> REQUIRED WORK
Starting at the line that contains "Holly Bearies Kurt", write out each line exactly through the last one in the material below, and nothing more; omit all pictures.

☆ ☆ ☆ ☆ ☆

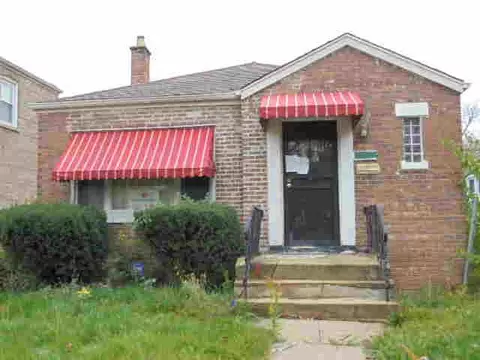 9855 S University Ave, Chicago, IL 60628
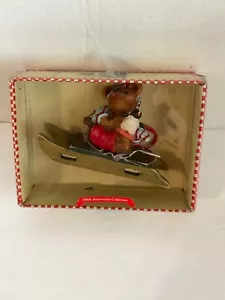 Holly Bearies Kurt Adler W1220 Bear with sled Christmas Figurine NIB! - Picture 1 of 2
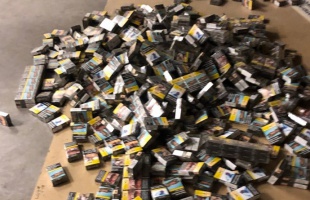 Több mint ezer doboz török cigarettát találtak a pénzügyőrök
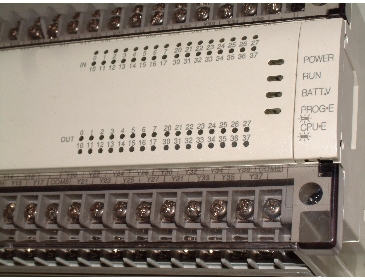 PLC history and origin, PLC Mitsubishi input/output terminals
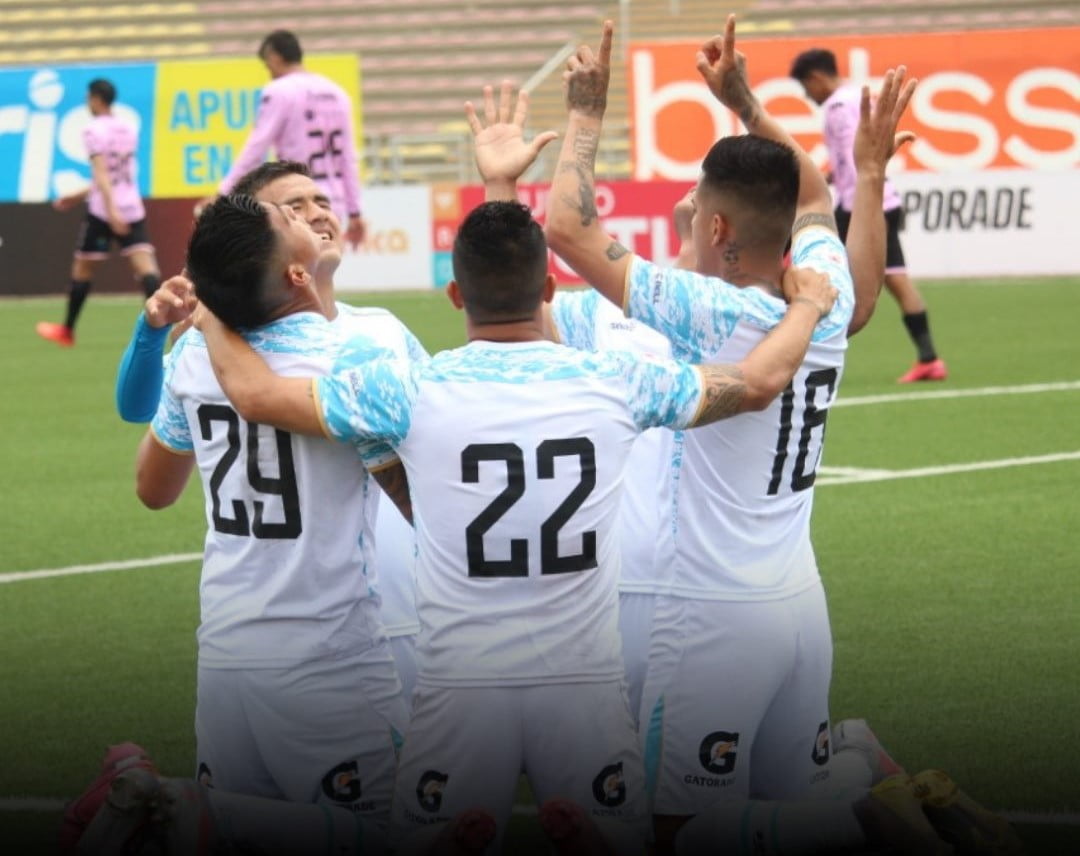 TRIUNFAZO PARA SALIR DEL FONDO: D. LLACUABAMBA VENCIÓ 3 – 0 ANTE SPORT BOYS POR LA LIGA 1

☆ ☆ ☆ ☆ ☆

> SOLUTION FOR THIS EXERCISE
 Holly Bearies Kurt Adler W1220 Bear with sled Christmas Figurine NIB! - Picture 1 of 2
 Több mint ezer doboz török cigarettát találtak a pénzügyőrök
 PLC history and origin, PLC Mitsubishi input/output terminals
 TRIUNFAZO PARA SALIR DEL FONDO: D. LLACUABAMBA VENCIÓ 3 – 0 ANTE SPORT BOYS POR LA LIGA 1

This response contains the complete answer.